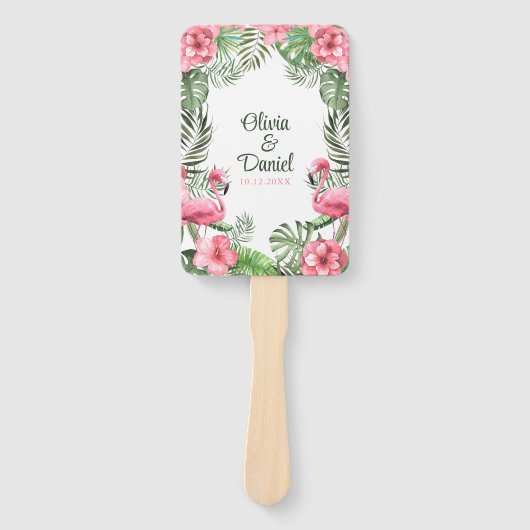 Pink Watercolor Tropical Flamingo Wedding Programm Fächer (Vorderseite)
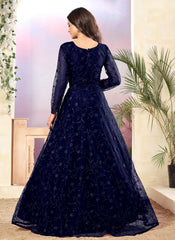Navy Blue Net Suits For Ladies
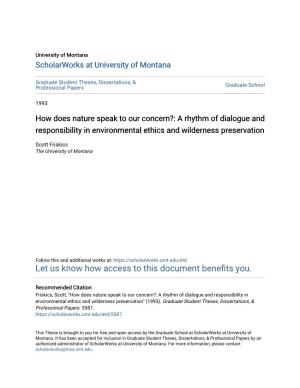 A Rhythm of Dialogue and Responsibility in Environmental Ethics and Wilderness Preservation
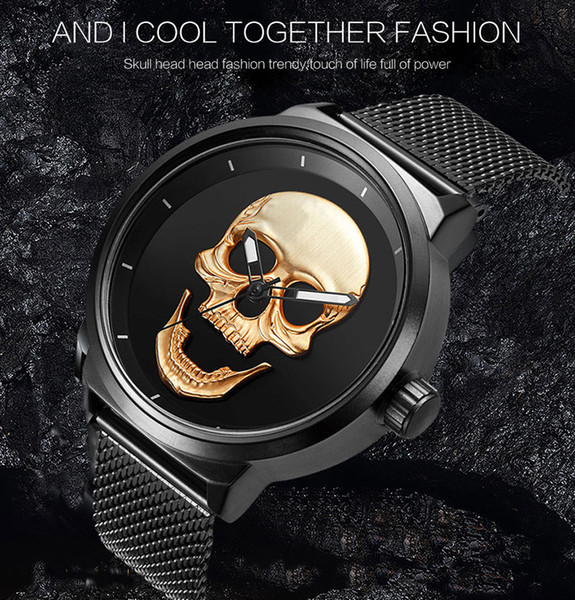 2019 AAA 3D Skull Men Watch Waterproof Sport Male Clock Top Brand BELBI Male Luxury Stainless Steel Dragon Quartz Wrist Mens Watches Black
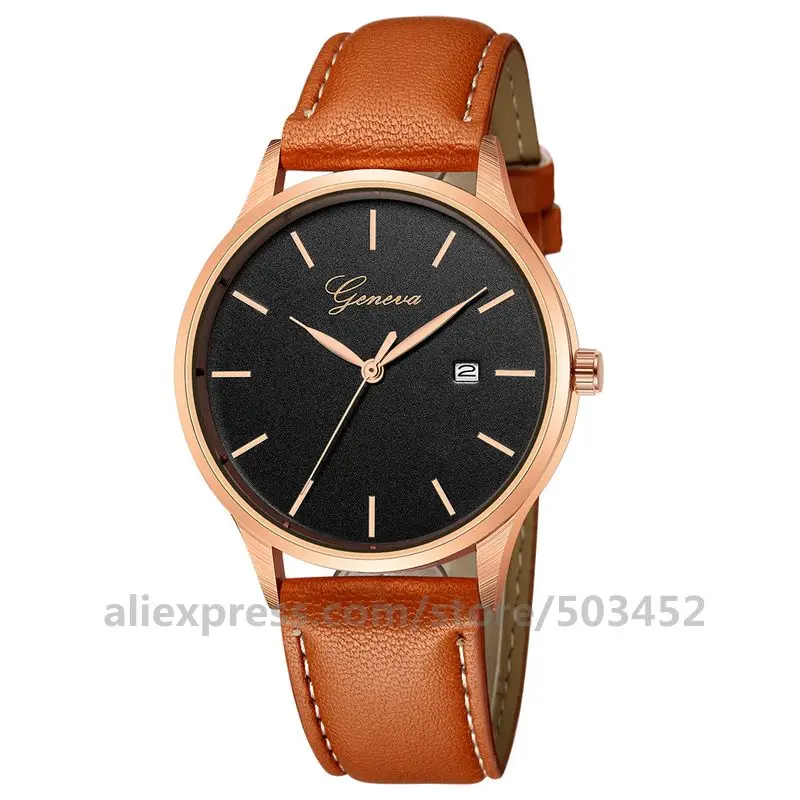 brown rose black 100 шт./лот, модные часы Geneva 668, кожаные спортивные часы для мужчин, заводская цена, наручные часы,, повседневные часы - Цвет: brown rose black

PROBLEM STATEMENT —
Your task is to retype, exactly and only, the lines from the line holding "A Rhythm of" through the final line of the data above, with both ends kept. Drop the pictures.

YOUR SOLUTION —
 A Rhythm of Dialogue and Responsibility in Environmental Ethics and Wilderness Preservation
 2019 AAA 3D Skull Men Watch Waterproof Sport Male Clock Top Brand BELBI Male Luxury Stainless Steel Dragon Quartz Wrist Mens Watches Black
 brown rose black 100 шт./лот, модные часы Geneva 668, кожаные спортивные часы для мужчин, заводская цена, наручные часы,, повседневные часы - Цвет: brown rose black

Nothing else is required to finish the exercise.